** Records supplied follows **

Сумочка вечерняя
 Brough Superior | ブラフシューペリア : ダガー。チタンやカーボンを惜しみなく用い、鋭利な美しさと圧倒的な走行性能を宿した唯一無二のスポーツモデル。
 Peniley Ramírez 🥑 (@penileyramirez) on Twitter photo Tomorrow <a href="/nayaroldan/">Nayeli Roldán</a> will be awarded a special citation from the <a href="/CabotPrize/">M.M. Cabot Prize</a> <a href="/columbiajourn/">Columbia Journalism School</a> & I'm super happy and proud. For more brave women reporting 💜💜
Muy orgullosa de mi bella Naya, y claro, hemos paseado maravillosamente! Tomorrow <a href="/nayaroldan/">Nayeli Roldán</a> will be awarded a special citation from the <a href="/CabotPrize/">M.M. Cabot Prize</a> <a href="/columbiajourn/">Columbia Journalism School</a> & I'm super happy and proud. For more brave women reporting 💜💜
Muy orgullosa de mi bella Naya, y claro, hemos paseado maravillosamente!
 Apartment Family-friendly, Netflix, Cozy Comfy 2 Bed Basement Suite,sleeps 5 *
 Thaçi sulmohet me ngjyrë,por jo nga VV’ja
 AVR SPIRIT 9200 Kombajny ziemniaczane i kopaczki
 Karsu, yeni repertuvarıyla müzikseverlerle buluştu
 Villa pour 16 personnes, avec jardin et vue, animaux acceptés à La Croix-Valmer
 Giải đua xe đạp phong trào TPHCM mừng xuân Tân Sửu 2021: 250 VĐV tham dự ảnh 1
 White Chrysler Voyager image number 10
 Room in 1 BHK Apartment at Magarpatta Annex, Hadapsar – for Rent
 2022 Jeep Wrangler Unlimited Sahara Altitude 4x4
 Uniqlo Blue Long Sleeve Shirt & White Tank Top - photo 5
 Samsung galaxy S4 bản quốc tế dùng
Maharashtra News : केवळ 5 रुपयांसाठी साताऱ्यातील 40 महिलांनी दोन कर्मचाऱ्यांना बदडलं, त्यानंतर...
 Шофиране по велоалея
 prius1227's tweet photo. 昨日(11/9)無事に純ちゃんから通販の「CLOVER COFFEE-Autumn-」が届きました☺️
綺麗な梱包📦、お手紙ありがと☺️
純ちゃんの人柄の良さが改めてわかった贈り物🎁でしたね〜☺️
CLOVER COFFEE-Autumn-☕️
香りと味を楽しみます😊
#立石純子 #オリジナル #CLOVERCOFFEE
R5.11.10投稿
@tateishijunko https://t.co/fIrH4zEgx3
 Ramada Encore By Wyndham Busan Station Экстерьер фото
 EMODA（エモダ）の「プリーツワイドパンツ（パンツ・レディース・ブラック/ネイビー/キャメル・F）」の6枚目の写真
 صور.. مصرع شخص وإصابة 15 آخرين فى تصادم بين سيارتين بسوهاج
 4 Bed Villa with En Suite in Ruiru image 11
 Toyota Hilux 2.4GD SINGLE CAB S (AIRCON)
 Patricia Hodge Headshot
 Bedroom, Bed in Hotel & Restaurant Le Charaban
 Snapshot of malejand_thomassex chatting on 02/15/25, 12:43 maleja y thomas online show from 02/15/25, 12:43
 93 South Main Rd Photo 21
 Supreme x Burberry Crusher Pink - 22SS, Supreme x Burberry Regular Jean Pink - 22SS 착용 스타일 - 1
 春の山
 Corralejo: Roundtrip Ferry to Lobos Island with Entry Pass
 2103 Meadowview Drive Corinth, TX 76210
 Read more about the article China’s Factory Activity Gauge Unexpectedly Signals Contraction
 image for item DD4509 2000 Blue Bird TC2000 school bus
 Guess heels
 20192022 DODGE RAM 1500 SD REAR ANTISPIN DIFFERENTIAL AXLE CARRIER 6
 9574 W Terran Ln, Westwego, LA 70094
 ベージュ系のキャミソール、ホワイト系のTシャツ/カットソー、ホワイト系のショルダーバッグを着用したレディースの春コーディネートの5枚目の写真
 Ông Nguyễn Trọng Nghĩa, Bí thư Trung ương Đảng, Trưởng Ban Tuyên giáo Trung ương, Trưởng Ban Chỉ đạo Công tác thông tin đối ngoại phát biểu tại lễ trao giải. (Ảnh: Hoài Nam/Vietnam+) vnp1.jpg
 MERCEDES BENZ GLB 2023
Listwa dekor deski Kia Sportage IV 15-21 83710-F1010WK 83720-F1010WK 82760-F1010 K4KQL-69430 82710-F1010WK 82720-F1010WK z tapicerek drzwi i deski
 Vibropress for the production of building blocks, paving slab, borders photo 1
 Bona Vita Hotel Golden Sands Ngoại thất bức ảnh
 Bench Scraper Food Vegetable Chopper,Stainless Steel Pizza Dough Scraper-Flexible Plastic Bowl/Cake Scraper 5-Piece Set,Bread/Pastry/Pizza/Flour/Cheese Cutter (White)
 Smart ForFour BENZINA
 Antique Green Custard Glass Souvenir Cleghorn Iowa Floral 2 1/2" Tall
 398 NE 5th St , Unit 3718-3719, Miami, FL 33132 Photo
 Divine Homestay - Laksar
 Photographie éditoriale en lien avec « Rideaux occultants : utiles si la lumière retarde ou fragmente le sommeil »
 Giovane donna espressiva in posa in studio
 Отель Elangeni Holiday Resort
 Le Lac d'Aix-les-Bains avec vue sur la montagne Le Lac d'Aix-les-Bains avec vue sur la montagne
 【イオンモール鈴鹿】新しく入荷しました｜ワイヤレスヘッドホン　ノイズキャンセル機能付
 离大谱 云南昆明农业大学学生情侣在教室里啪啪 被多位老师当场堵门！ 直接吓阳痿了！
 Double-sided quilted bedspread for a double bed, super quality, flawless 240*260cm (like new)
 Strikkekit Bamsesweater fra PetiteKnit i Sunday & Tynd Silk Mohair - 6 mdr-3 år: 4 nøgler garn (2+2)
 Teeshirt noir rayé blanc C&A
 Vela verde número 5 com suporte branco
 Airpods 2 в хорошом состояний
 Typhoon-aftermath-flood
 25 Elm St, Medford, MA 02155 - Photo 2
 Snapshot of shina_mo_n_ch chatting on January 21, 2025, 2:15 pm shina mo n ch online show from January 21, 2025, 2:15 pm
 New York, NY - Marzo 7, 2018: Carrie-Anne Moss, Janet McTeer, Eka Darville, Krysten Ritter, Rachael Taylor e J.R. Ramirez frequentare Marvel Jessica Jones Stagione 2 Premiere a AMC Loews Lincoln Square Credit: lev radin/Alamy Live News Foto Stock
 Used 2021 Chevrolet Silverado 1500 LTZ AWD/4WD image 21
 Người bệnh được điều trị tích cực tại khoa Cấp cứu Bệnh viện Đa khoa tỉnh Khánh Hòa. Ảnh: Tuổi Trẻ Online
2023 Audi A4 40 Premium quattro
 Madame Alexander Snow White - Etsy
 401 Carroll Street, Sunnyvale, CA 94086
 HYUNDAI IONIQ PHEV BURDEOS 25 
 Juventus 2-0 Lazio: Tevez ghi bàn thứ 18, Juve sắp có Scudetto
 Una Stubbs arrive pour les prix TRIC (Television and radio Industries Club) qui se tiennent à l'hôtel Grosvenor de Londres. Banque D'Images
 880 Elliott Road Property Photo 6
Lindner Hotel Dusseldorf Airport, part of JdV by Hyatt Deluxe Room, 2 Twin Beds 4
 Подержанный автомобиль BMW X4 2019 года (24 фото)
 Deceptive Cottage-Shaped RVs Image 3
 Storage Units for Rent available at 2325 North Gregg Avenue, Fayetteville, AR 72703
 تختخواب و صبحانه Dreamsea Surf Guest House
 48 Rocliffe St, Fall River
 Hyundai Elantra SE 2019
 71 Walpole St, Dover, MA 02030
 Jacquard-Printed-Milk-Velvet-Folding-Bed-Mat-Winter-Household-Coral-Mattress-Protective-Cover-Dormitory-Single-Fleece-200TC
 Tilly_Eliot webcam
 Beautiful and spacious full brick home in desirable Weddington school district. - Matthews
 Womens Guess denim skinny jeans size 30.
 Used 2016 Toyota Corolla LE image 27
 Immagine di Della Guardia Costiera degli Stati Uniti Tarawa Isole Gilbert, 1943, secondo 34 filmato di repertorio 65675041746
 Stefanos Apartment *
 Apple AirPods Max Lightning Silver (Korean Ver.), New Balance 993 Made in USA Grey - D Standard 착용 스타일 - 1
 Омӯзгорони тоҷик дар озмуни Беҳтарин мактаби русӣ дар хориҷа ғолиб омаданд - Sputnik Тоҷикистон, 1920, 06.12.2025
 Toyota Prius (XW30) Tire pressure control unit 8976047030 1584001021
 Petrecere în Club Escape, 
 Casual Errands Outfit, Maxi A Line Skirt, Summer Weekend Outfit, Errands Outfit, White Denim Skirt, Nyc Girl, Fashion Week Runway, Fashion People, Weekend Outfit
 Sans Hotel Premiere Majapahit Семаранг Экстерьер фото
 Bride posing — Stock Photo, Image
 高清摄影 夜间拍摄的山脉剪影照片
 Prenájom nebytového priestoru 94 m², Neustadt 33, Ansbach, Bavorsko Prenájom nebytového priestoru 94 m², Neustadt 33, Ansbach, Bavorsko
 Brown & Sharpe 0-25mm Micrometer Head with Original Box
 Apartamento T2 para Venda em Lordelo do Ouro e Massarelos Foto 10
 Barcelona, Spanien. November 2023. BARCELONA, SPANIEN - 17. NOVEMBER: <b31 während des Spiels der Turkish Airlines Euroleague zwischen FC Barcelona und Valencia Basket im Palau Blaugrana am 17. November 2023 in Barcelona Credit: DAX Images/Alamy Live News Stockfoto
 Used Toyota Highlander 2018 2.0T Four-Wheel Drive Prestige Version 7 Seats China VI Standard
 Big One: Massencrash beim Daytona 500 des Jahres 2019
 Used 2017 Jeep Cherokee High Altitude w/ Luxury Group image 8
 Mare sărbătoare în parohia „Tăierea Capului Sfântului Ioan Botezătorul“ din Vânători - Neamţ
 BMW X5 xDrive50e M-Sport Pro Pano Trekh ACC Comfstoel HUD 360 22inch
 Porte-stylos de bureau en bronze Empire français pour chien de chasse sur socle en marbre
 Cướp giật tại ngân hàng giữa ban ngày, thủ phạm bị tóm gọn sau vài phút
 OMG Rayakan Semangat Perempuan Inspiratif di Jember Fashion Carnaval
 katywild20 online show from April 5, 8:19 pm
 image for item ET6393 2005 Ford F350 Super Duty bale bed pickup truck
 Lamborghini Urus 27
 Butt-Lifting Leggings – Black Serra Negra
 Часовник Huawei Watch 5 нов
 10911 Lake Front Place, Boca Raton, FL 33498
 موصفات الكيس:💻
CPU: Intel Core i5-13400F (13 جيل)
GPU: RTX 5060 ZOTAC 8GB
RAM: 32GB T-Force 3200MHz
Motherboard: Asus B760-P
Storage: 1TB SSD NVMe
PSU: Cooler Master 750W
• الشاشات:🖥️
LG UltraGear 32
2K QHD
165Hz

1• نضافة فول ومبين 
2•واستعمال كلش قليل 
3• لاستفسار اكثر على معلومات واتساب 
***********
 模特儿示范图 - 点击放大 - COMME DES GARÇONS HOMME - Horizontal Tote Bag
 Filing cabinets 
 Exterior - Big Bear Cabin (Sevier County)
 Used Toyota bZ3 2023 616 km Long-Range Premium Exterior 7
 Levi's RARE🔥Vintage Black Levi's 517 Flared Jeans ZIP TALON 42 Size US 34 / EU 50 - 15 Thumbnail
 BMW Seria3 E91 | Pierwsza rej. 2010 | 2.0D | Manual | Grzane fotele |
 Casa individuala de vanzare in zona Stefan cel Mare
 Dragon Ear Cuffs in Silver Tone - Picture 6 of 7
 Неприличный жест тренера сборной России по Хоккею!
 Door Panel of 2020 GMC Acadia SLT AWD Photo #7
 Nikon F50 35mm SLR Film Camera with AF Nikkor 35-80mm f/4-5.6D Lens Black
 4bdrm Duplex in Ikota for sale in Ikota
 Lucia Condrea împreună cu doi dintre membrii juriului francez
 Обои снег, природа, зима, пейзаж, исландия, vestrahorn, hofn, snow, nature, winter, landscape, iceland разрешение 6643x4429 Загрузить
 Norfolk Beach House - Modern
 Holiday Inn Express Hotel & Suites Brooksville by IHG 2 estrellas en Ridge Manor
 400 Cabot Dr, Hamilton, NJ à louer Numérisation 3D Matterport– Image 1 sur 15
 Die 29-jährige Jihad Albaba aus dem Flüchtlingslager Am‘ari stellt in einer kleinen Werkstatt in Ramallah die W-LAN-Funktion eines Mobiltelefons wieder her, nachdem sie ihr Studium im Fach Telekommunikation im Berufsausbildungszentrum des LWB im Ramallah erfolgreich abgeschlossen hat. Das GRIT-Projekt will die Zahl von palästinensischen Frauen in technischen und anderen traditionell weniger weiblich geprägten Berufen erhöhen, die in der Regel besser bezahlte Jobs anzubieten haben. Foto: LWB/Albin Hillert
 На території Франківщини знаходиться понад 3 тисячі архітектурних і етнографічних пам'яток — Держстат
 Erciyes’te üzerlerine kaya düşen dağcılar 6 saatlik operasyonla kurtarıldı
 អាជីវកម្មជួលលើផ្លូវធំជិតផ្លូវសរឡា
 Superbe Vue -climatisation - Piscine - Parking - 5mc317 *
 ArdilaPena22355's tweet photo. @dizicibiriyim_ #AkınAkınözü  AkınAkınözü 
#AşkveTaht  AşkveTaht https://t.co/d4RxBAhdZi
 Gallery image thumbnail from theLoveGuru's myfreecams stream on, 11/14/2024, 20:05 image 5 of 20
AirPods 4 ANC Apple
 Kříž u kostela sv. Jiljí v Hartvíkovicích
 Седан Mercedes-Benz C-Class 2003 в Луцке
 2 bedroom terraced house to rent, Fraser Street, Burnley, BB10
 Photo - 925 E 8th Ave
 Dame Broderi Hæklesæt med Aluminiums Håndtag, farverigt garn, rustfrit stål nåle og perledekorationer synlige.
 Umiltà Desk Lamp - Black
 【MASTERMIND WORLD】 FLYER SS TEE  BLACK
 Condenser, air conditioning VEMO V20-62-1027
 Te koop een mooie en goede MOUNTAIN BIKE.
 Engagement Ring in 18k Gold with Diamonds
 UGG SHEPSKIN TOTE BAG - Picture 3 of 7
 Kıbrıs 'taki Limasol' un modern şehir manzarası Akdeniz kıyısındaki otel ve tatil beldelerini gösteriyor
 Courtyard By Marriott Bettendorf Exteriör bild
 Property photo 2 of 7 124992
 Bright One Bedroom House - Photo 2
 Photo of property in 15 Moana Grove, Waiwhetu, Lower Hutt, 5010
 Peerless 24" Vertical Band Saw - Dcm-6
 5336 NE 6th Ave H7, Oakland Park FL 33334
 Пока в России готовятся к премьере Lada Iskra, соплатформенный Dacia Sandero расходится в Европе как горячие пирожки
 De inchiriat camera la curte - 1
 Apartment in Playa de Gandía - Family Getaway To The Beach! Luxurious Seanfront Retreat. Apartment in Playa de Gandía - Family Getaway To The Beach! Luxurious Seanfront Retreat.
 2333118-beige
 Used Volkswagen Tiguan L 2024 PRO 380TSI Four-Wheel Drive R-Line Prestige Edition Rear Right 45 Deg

** End of Records supplied **

• _Task instructions_
Of all the entries above, output exactly the lines between the one holding "1• نضافة فول ومبين" and the one holding "400 Cabot Dr, Hamilton, NJ", inclusive.

• _Answer space_
1• نضافة فول ومبين 
2•واستعمال كلش قليل 
3• لاستفسار اكثر على معلومات واتساب 
***********
 模特儿示范图 - 点击放大 - COMME DES GARÇONS HOMME - Horizontal Tote Bag
 Filing cabinets 
 Exterior - Big Bear Cabin (Sevier County)
 Used Toyota bZ3 2023 616 km Long-Range Premium Exterior 7
 Levi's RARE🔥Vintage Black Levi's 517 Flared Jeans ZIP TALON 42 Size US 34 / EU 50 - 15 Thumbnail
 BMW Seria3 E91 | Pierwsza rej. 2010 | 2.0D | Manual | Grzane fotele |
 Casa individuala de vanzare in zona Stefan cel Mare
 Dragon Ear Cuffs in Silver Tone - Picture 6 of 7
 Неприличный жест тренера сборной России по Хоккею!
 Door Panel of 2020 GMC Acadia SLT AWD Photo #7
 Nikon F50 35mm SLR Film Camera with AF Nikkor 35-80mm f/4-5.6D Lens Black
 4bdrm Duplex in Ikota for sale in Ikota
 Lucia Condrea împreună cu doi dintre membrii juriului francez
 Обои снег, природа, зима, пейзаж, исландия, vestrahorn, hofn, snow, nature, winter, landscape, iceland разрешение 6643x4429 Загрузить
 Norfolk Beach House - Modern
 Holiday Inn Express Hotel & Suites Brooksville by IHG 2 estrellas en Ridge Manor
 400 Cabot Dr, Hamilton, NJ à louer Numérisation 3D Matterport– Image 1 sur 15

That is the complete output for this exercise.